JupyterHub
by Elena Bianco 16/07/2024
JupyterLab is a web-based interactive interface for notebooks and code (e.g., Python, R, Julia), that can be used to use interactive jobs in python in the cluster OPH.
The Jupyter environment can be used on the OPH cluster by creating a specific container for its installation and configuration. JupyterHub can be launched on a cluster node using the job queue system, and the user can work interactively with Python notebooks using the allocated resources.
1. Create a container with Apptainer
The user can either create a new container from scratch or build it from an existing Docker image, as done here. The predefined Docker image only includes a baseline deployment of JupyterHub, but additional configuration can be specified by the user.
apptainer build --sandbox container_name/ docker://jupyterhub/jupyterhub
The –sandbox
option creates an editable directory that mimics the Linux-Ubuntu file structure, containing usual directories (home, tmp, media, etc.). Replace container_name
with the desired container name.
Find directories within the sandbox that are not writable and make them writable
find container_name -type d -not -writable -exec chmod +w {} +
Enter the container shell (from the path where the container is located).
apptainer shell --writable container_name
Check the version of installed packages (e.g., JupyterHub)
apptainer exec --writable container_name jupyterhub --version
Packages can be updated or installed manually within the container, if they are not already available in the baseline configuration.

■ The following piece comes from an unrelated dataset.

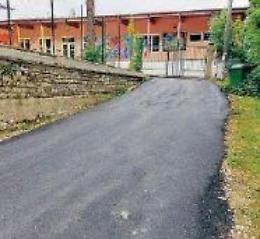 Arpino, cantieri e lavori sull'intero territorio: Rea annuncia gli interventi
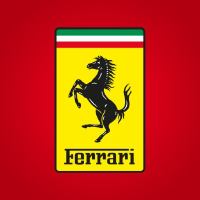 Ferrari Logo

pip install jupyter notebook jupyterlab
Use 'exit' to go back to the main shell.
2. Run Jupyter from containers
When using Jupyter for data analysis or any other task requiring computational resources, the user must first request and allocate resources on a compute node before launching the Hub. This can be done using the salloc
command from the cluster login node using the job queue system (the line below can be adjusted to specific job requests)

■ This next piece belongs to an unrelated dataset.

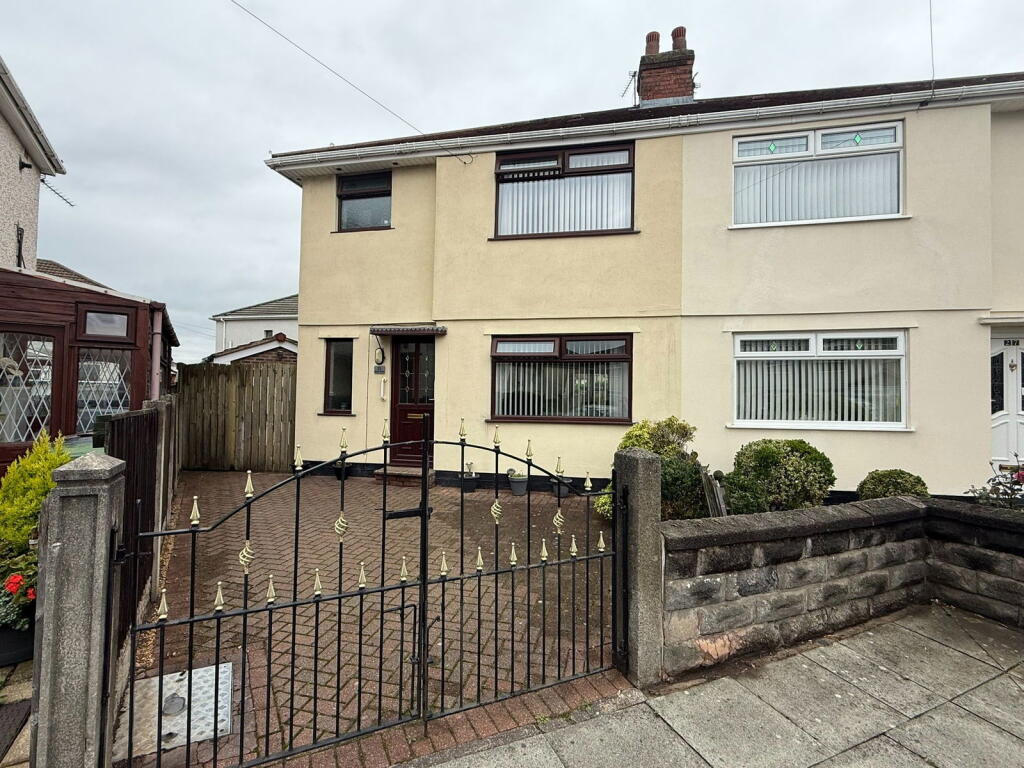 Main image of property: Norton Grove, Maghull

salloc -N 1 --cpus-per-task=1 --time=02:00:00 --mem=2G --constraint=blade
Once the resources have been allocated, enter the container shell and launch JupyterLab
apptainer shell --writable container_name jupyter lab --ip=0.0.0.0 --port=8000 --no-browser
In a separate terminal window, login to the cluster frontend, and then connect to the allocated node (the node is displayed after running the salloc
command). Here, 2010 is chosen as the local port.

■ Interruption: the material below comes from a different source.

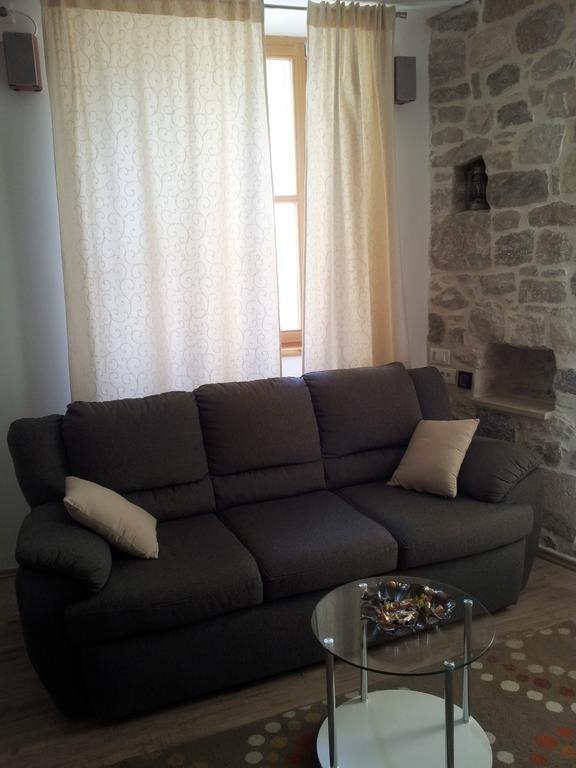 Old Town Apartment Mila Split Rom bilde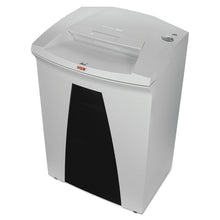 Load image into Gallery viewer, SECURIO B34s Strip-Cut Office Shredder, 37 Manual Sheet Capacity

ssh -N -L 2010:localhost:8000 username@node
In a new terminal window from the local machine, connect to the cluster with
ssh -N -L 2010:localhost:8000 username@137.204.50.71
Where 2010
is the chosen local port and 8000
is the remote port specified in the first terminal window.
Finally, navigate to localhost:2010
on the computer browser and a window should appear with the Jupyter interface. To authenticate, insert the token provided in the first terminal window.
Use ctlr+C
to end the connection and go back to the Apptainer shell.